Social-Media-Star und Buchautorin
Etliche tausend Kilometer später hat Ann-Kathrin eine stattliche Fangemeinde um sich versammelt. Rund 150000 Menschen folgen ihr inzwischen auf Instagram. Sie ist kommunikativ, versteht mit einer Kamera umzugehen und kann packend schreiben. Die Kids verschlingen ihre Bilder und Stories.
Im Jahr 2021 veröffentlichte sie ein Buch über ihren Selbstfindungstrip. Ungewöhnlich genug. Während andere aus ihrer Generation noch von einer Karriere als Influencer träumen, lebt sie von ihren Fotos, Filmen und Geschichten und ist immer noch unterwegs. Mit ihrem Buch "Bikergirl: Wie ich die Freiheit suchte und das Leben fand. Durch ihre regelmäßigen Social-Media-Auftritte hat sie eine große Fanbase.

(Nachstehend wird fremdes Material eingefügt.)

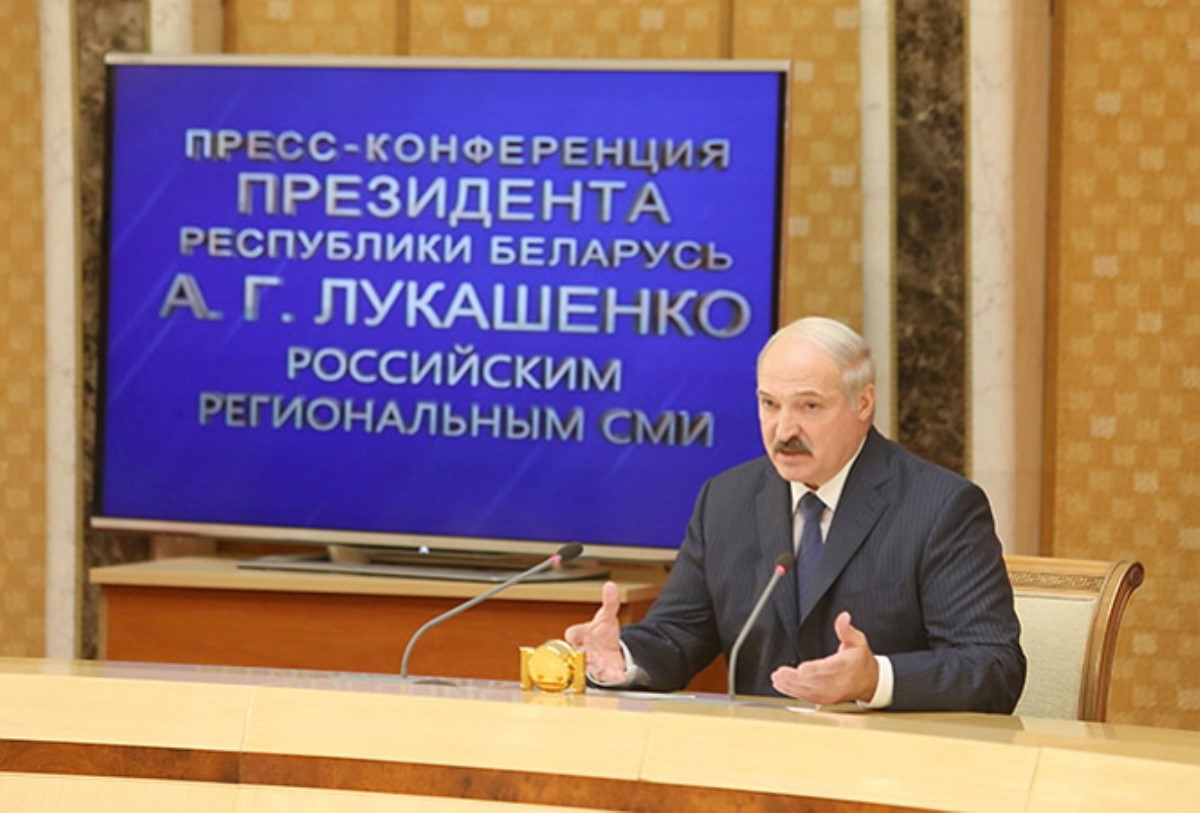 Лукашенко согласен считать Путина старшим братом, но есть одно но...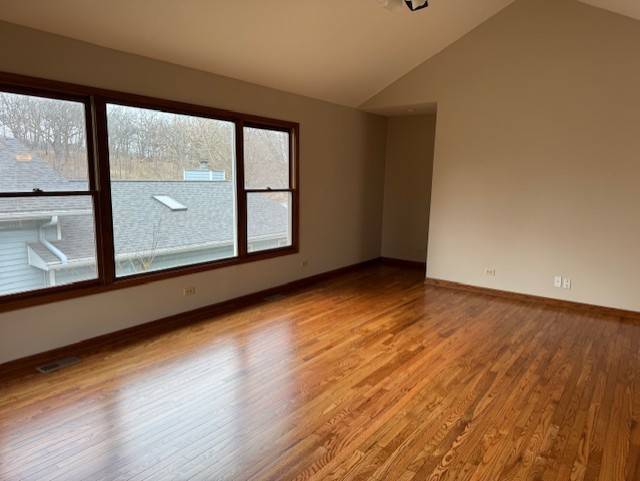 Wauconda, IL 60084,614 Lake Shore BLVD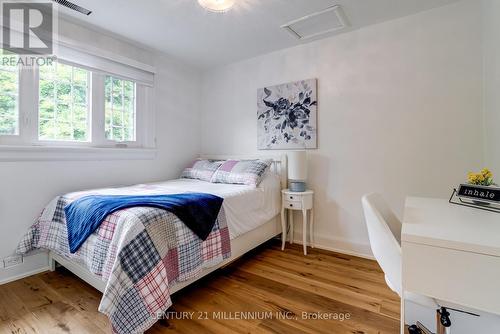 22 Frederick Street, Brampton, ON - Indoor Photo Showing Bedroom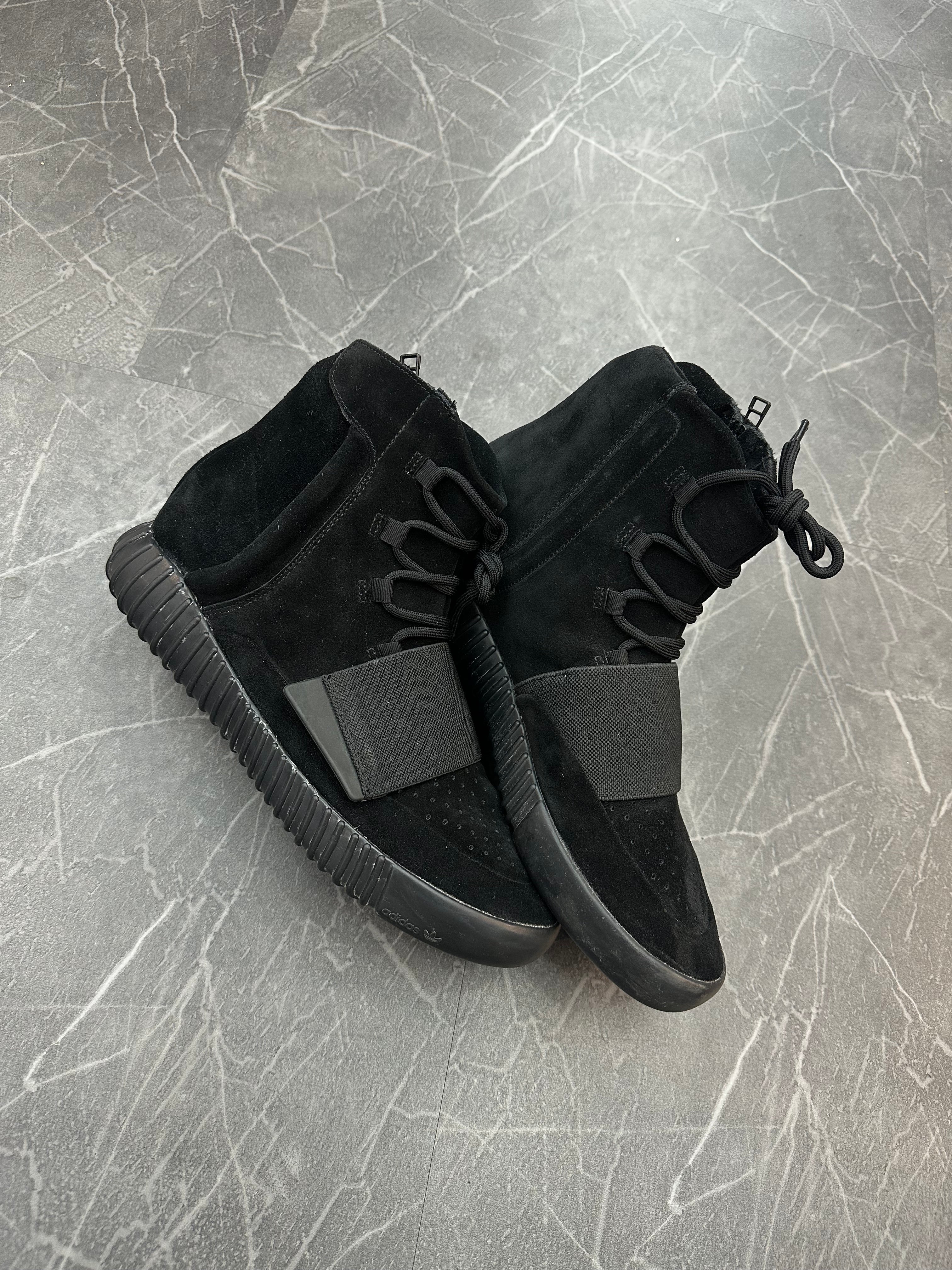 Yeezy Boost 750 “Triple Black”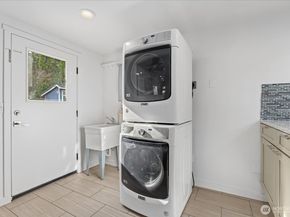 742 S Director Street, Seattle WA 98108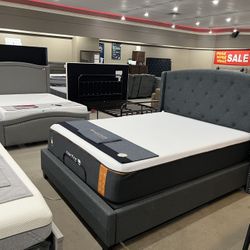 💥NEW YEAR SALE!💥 Queen Mattresses Starting At $199.00!!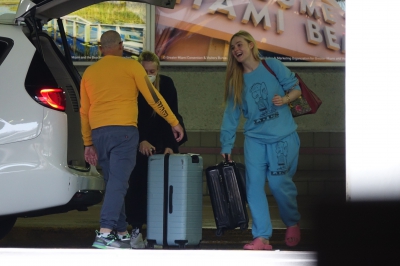dakotafanningdaily-attheairportinmiami-022.jpg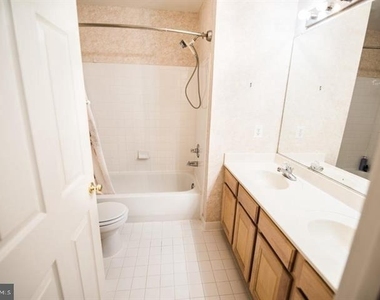 8359 Regal Oak Court - Photo Thumbnail 28
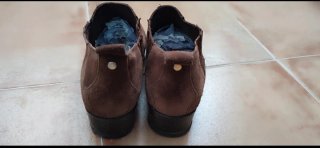 Botines de ante marrones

Mittlerweile kann Ann-Kathrin Bendixen von ihren Motorradreisen leben. Daneben hat sie sich bereits weitere Standbeine aufgebaut. Finanzielle Unabhängigkeit erreichte sie nach eigener Aussage mit dem Erfolg ihres Buches. Danach ging es auch auf Social Media richtig ab: Auf YouTube folgen ihr 214.000 Menschen und ihre Videos klickten sich über eine Million mal.
Ann-Kathrin Bendixen: Bikergirl. Wie ich die Freiheit suchte und das Leben fand, Riva-Verlag, München, 2021, 13,00 Euro.

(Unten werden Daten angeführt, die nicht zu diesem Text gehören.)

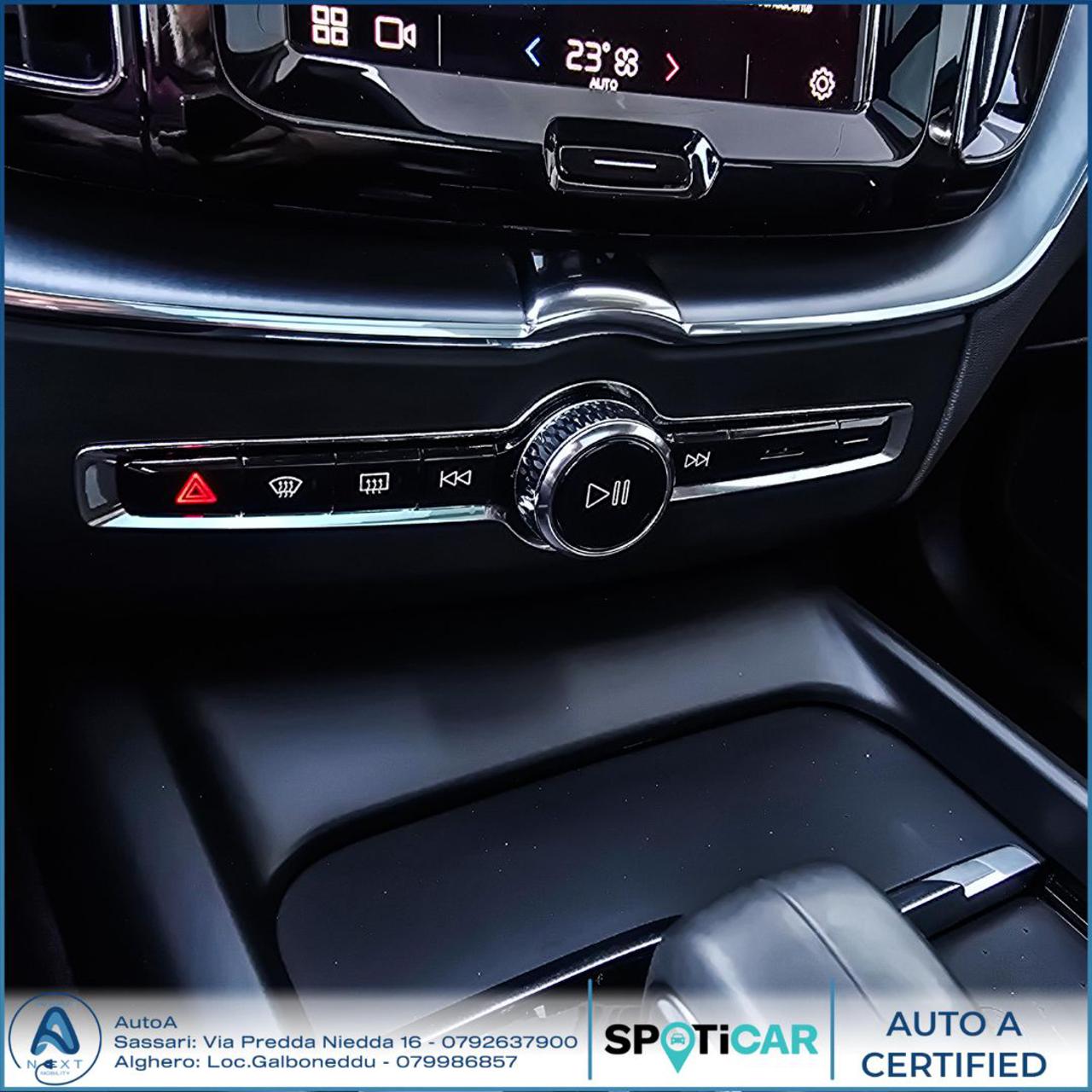 VOLVO XC60 T6 Recharge Plug-in Hybrid AWD Inscription Express - 29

Mobbing und der Name "Affe auf Bike"
In ihrer Schulzeit wurde Bendixen gemobbt und als "Dumbo" oder "Affe" tituliert. Als kleine Retourkutsche an ihre damaligen Mitschüler und Mitschülerinnen hat sie stets einen kleinen Stoffaffen dabei. Dieser diente ihr auch als Inspiration für das Pseudonym "Affe auf Bike". Der kleine Affe ist in vielen Social-Media-Beiträgen der gebürtigen Norddeutschen präsent.
Ich hatte früher Segelohren, sah damit wie ein Affe aus und wurde in der Schule gemobbt. Später meinte mein Bruder, dass ich mich für die Medien doch einfach so nennen sollte. Offiziell habe ich deshalb den Plüschaffen am Motorrad. Jetzt hängt er an einer Harley.

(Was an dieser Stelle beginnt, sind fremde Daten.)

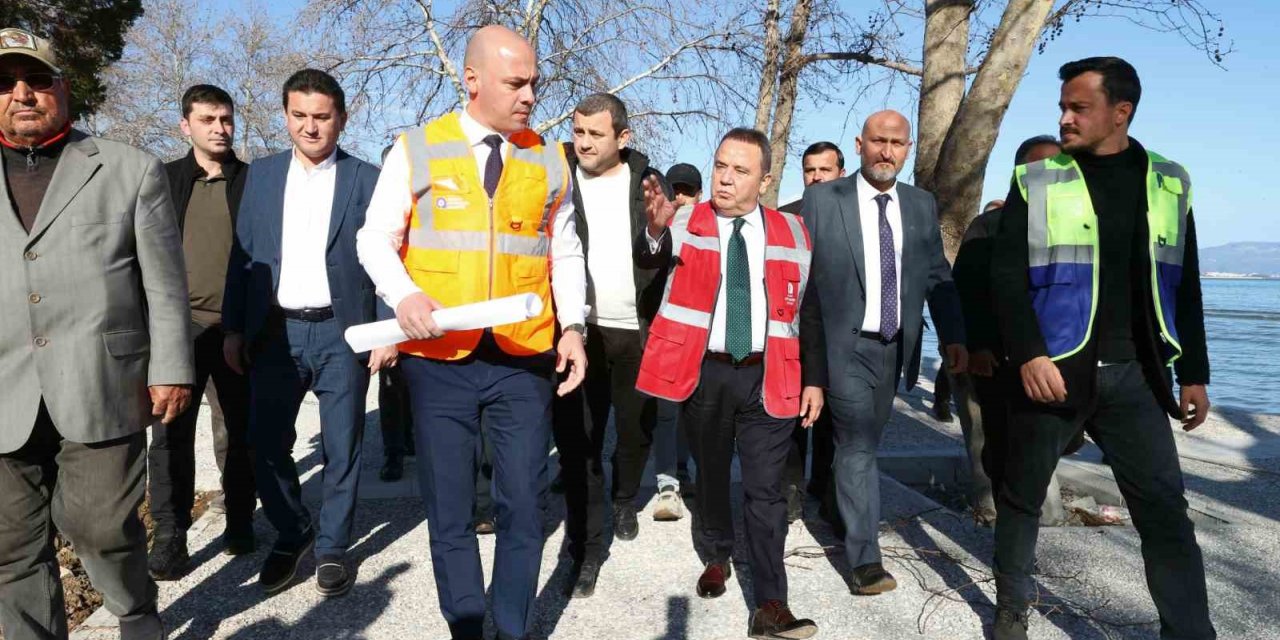 Finike Cumhuriyet Meydanı 23 Nisan’da açılıyor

Teilnahme bei "7 vs. Wild" und Hasskommentare
Im Oktober 2023 nahm sie an dem Realityformat "7 vs. Wild" teil. Hier lernte sie die Schattenseiten von Social Media kennen. Nach einem Vorfall, bei dem sie von einem Mitteilnehmer unsittlich berührt wurde, musste sich Bendixen zahlreiche Hasskommentare gefallen lassen. Für ihre Reiseberichte und Fotos wird Ann-Kathrin von ihren Followern gefeiert. Über 400.000 Menschen folgen ihr allein auf Instagram. Dass man im Netz aber auch Hass ausgesetzt sein kann, musste "Affe auf Bike" erst vor wenigen Wochen erleben. Nach einem Vorfall in der Reality- Show "7 vs. Wild" wurde die Teilnehmerin der Staffel in den sozialen Medien mit heftigen Kommentaren konfrontiert. "Das war unfassbar schrecklich", so Ann-Kathrin rückblickend.
Ratschläge und Realität
Du bist viel alleine on the Road. Ich nehme immer ein Stativ mit und benutze den Selbstauslöser. Dazu hab ich jetzt eine 360 Grad-Kamera, das sieht aus, als würde man von einer Drohne gefilmt.
Grundsätzlich finde ich eher positive Anerkennung. Du siehst gut aus, ist das ein Kapital? Klar hast du einen Vorteil, wenn du dem Schönheitsideal entsprichst. Ich denke aber, dass jeder mit dieser Geschichte Erfolg haben könnte. Das Aussehen ist ja nicht alles, der Humor und die eigene Art spielen auch eine Rolle. Und die Einmaligkeit ist wichtig.
Natürlich kann das nicht jeder machen. Wasserfälle? Ja, die sind kalt, eiskalt! Das ist auch hart! Oder wenn man nachts zum Pinkeln aus dem Zelt raus muss … schon deshalb würden viele nach einer Woche die Lust verlieren.